[Varnish] Basic performance tuning

Storage engine

Varnish has two storage engine: file and malloc. Both need you to specify (inside the /etc/default/varnish file on Debian) the amount of memory used for caching objects. The difference between the two is how varnish access the cache content.

With file storage varnish create a mapper file on the disk and bind it to virtual memory using the mmap system call. All operations are done via the mapper file. This mode is pretty simple, very ‘posix-compliant’ and therefore portable but… not so great for high performance, even if you use very fast drives.

Now that doesn’t mean file storage is completely useless. It’s a good choice for particular case when you can’t have enough RAM to cache all needed content (and adding SSD-like card like a Fusion-io isn’t an option) because the speed of your IO subsystem will always overcomes content generation. But that shouldn’t be your first pick.

Next we have the malloc storage where varnish directly reserve chunk of memory for each cache’s object, using the system call of the same name. This is the fastest type of cache as memory access latency and throughput are a few orders of magnitude lower/faster than even the fastest SSD drives. My recommendation is always to choose this storage first, and only change in last resort.

Worker threads

Worker threads are the ones that deliver cached objects to clients. You can tune them by playing on three parameters: thread_pool, thread_pool_min and thread_pool_max.

thread_pool is the number of pools that threads will be grouped into. The default value is 2. You can increase the number of pool but you shouldn’t exceed the number of CPU cores.

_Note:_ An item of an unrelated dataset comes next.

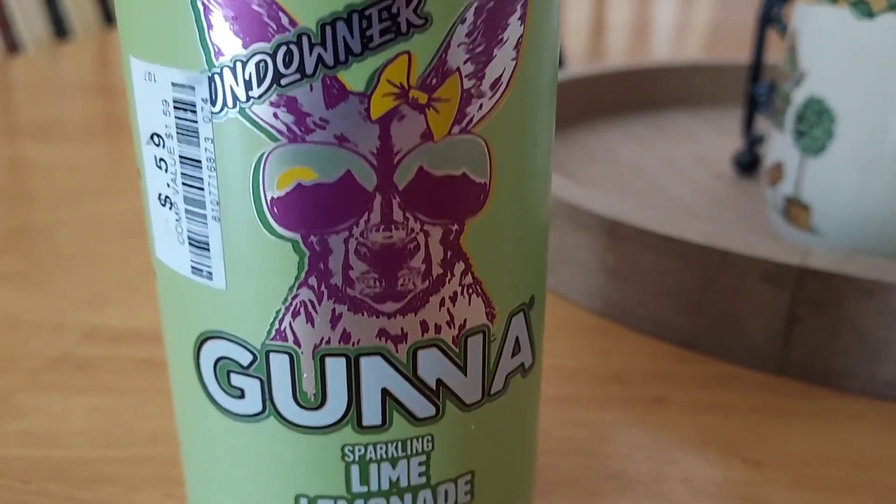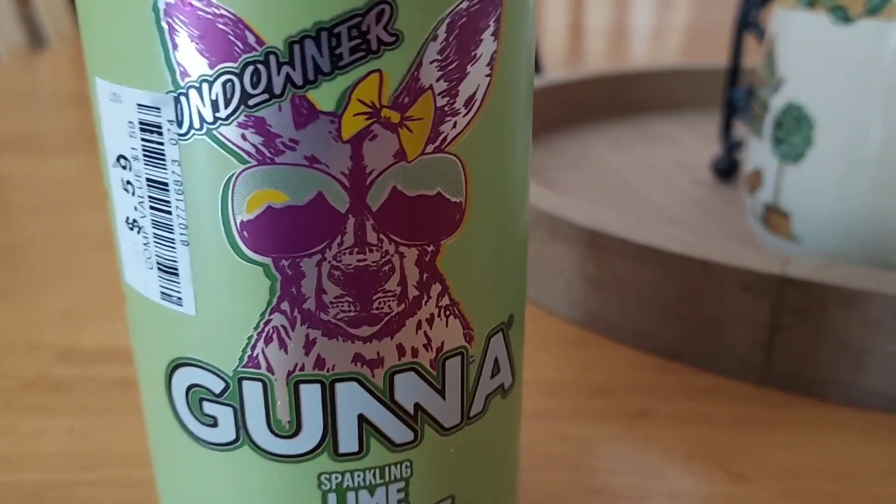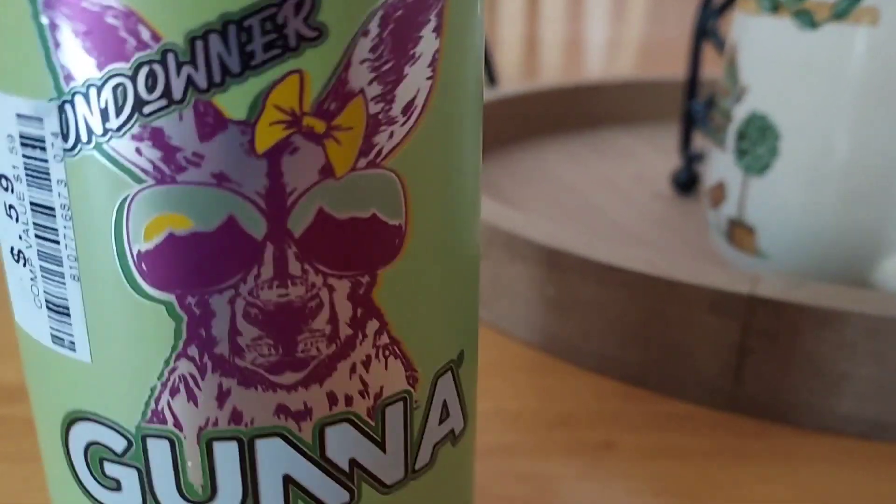All right, so now I'm going to try the sparkling lime lemonade. This is the last one I got to try. Let's try this.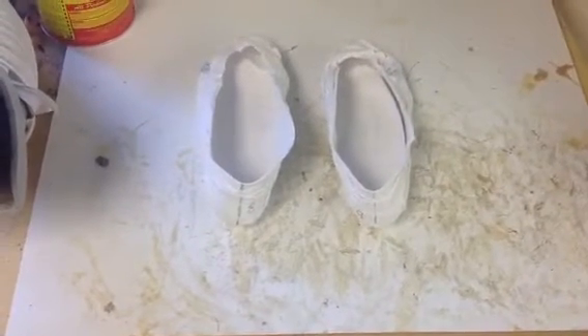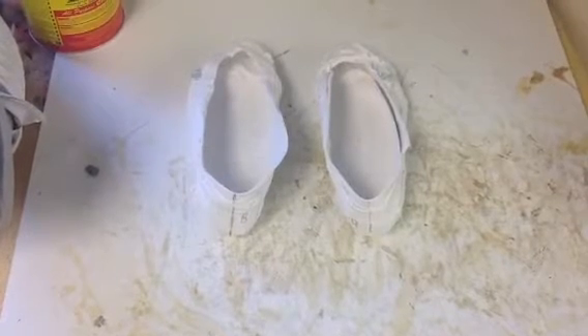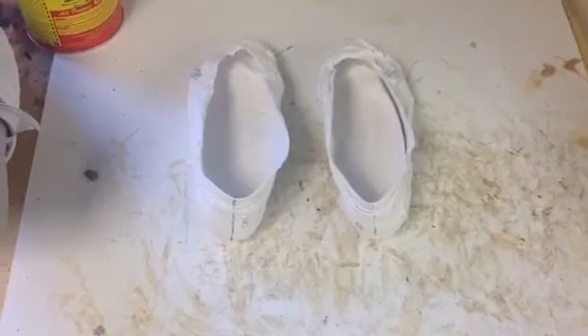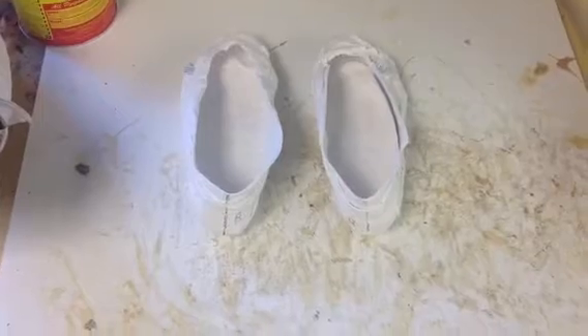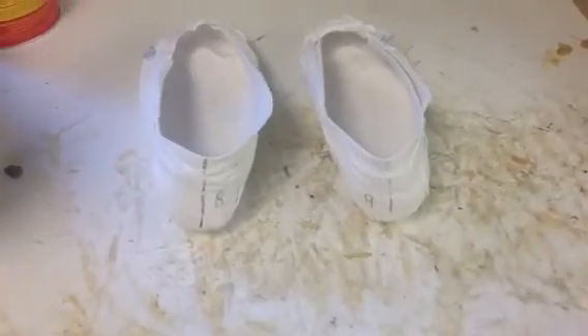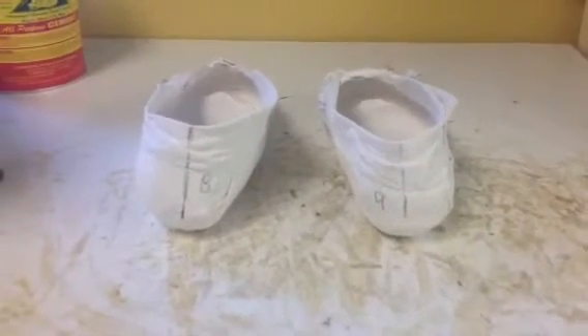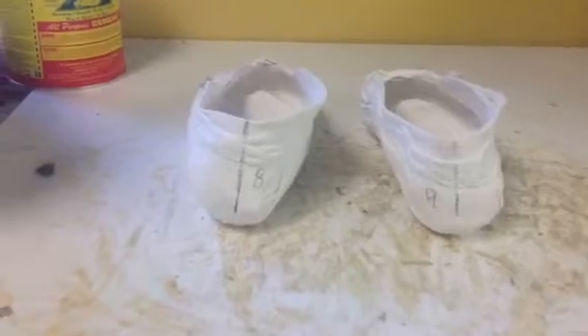This means that when you take a step, the foot pronates inward to bring the first metatarsal down to the ground. Now this is a cast of a foot, or a pair of feet, that show this forefoot varus.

thread_pool_min defines the minimum amount of threads that always need to be alive per pool. As creating threads is a time-consuming operation it better to always keep at least 50 threads alive. In case of a sudden spike in traffic, you will have enough threads to handle the first wave of requests while varnish spawn new threads.

thread_pool_max defines the maximum amount of threads per pool. This parameter is trickier, as the ideal value depends on available resources and the traffic you want to handle. Usually you don’t want to go over 5000 threads as specified in the documentation.

Varnish shared memory log

The VSL file is used to log most traffic data. It operates on a circular non-persistent buffer of 80MB by default. This file is used by tools like varnishlog or varnishtop. On a Debian system, you can find it into the /var/lib/varnish directory. To improve performance you can move the whole directory inside a tmpfs.